Figure 1. Biosyntheses and functional relevance of mitochondrial membrane phospholipids.

A. PC and PE syntheses by the Kennedy pathway. Choline or ethanolamine undergoes sequential reactions with ATP, CTP, and DAG to produce PC or PE. The first two reactions are mediated by cytosolic enzymes, while the final steps involving DAG are mediated by enzymes that are embedded in the ERM.

B. Phospho-headgroup modifications of PC, PE, and PS mediated by PEMT, PSS1, and PSS2. PEMT is located at ERM/MAM, whereas PSS1/PSS2 are located at MAM.

C. Mitochondrial synthesis of PE by PSD at IMM.

D. Mitochondrial CL synthesis by CLS, tafazzin, PL-A₂, and MLCLAT-1. Nascent CL molecules produced by CLS are subsequently de/re-acylated to form mature and functional CL.

E. Small quantity of CL can be synthesized on the ERM by ALCAT-1.

F. PI synthesis by CDS and PI synthase on the ERM. Molecules synthesized in ERM, OMM and IMM can be transported at MAM or intra-mitochondrial contact site.
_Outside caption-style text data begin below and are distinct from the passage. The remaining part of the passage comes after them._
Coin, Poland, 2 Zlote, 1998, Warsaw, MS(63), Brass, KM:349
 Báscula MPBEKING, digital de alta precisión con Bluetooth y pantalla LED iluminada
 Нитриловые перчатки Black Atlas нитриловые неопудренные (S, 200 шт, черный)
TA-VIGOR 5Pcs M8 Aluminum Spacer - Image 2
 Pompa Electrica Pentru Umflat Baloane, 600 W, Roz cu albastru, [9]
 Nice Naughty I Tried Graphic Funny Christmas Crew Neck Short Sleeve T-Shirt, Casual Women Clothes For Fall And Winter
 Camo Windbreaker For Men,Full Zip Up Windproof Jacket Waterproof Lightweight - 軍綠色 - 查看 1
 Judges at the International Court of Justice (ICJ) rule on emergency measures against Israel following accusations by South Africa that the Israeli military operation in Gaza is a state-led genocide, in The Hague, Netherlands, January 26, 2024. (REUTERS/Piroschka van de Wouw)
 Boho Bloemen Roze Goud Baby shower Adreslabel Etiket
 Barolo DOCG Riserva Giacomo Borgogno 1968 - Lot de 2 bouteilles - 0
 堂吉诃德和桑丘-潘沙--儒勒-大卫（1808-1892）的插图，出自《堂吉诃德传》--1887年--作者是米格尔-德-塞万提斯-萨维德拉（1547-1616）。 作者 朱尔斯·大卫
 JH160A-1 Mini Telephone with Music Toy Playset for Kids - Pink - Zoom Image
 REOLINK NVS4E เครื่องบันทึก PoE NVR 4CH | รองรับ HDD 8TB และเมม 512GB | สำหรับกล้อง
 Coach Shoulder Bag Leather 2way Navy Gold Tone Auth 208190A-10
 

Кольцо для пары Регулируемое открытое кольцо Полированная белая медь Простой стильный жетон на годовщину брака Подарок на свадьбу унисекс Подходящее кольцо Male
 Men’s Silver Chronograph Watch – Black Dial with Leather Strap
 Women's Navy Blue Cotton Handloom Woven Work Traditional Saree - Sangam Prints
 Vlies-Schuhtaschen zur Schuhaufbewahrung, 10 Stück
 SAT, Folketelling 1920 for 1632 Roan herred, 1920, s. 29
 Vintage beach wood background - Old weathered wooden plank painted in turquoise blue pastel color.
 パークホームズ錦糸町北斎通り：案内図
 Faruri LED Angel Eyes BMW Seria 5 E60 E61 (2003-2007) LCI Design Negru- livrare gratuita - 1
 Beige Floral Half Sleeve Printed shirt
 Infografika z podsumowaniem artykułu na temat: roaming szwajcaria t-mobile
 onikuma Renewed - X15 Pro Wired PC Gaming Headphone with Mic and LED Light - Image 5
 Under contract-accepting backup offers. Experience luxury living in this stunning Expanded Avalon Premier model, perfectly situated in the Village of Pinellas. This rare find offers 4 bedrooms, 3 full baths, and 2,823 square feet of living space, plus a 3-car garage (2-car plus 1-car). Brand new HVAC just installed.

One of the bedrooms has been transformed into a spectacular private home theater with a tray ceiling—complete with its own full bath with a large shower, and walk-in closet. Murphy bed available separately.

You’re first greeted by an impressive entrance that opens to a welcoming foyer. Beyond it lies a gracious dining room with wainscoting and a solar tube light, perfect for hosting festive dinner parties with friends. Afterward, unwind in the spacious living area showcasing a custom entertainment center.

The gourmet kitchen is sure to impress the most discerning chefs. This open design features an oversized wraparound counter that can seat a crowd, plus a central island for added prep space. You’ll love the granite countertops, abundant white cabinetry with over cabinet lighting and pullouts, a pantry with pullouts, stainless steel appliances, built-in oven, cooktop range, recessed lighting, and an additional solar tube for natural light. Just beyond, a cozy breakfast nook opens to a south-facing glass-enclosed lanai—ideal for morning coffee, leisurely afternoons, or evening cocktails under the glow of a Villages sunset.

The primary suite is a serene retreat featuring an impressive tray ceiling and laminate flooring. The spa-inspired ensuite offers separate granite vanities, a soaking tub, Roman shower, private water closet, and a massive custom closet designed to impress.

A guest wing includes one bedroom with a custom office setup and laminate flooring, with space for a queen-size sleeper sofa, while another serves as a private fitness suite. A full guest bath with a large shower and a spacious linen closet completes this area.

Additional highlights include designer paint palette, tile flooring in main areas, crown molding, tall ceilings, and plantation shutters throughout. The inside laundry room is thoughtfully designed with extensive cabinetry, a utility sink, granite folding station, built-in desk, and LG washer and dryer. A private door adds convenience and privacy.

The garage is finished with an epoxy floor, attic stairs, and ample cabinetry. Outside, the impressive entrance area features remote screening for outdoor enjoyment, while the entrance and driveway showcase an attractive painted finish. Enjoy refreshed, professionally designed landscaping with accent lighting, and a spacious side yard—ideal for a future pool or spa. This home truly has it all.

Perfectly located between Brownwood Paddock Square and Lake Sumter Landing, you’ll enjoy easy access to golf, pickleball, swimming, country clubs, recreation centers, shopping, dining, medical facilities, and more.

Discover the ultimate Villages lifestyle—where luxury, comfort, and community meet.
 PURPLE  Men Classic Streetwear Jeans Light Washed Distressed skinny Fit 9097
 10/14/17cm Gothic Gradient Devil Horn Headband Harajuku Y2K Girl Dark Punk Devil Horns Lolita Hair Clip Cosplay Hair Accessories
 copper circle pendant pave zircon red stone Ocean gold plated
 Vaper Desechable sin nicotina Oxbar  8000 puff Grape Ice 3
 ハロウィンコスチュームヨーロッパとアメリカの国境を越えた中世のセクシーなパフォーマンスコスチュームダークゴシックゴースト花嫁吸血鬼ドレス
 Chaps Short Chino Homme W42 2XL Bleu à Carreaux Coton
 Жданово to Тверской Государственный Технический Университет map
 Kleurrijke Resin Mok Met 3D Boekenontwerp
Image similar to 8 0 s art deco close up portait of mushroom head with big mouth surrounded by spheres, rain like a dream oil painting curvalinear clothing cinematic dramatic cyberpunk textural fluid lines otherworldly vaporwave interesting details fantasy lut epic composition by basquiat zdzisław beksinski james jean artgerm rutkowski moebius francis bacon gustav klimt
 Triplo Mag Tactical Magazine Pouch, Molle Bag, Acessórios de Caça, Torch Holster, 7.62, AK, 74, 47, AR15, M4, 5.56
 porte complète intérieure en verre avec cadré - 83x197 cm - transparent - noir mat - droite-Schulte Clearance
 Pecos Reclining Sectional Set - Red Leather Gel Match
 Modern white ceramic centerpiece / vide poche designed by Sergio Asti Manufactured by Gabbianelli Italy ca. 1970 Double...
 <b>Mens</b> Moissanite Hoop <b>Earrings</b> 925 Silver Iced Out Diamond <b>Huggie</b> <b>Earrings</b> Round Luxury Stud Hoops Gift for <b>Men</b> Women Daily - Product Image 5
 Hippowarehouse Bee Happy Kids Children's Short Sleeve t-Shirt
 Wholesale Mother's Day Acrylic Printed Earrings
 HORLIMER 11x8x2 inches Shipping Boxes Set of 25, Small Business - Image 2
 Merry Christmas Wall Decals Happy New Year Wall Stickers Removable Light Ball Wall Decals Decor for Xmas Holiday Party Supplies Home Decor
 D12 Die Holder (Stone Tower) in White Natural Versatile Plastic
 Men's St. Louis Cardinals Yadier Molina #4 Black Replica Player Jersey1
Abbreviations: ALCAT-1 (acyl-CoA: lysocardiolipin acyltransferase-1), c (cytochrome c oxidase), CDS (CDP-DAG synthase), CK (choline kinase), CL (cardiolipin), CLS (cardiolipin synthase), CPT (CDP-choline phosphotransferase), CT (CTP:phosphocholine cytidylyltransferase), DAG (diacylglycerol), Eth (ethanolamine), EK (ethanolamine kinase), ERM (endoplasmic reticulum membrane), EPT (CDP-ethanolamine phosphotransferase), ET (CTP:phosphoethanolamine cytidylyltransferase), ETS (electron transport system), IMM (inner mitochondrial membrane), MAM (mitochondrial associated membrane), M-I (myo-inositol), MLCLAT-1 (monolysocardiolipin acyltransferase-1), OMM (outer mitochondrial membrane), PA (phosphatidic acid), PC (phosphatidylcholine), PE (phosphatidylethanolamine), PEMT (phosphatidylethanolamine N-methyltransferase), PG (phosphatidylglycerol), PI (phosphatidylinositol), PL-A₂ (phospholipase-A₂), PS (phosphatidylserine), PSD (phosphatidylserine decarboxylase), PSS1/2 (phosphatidylserine synthase 1/2), Q (co-enzyme Q10).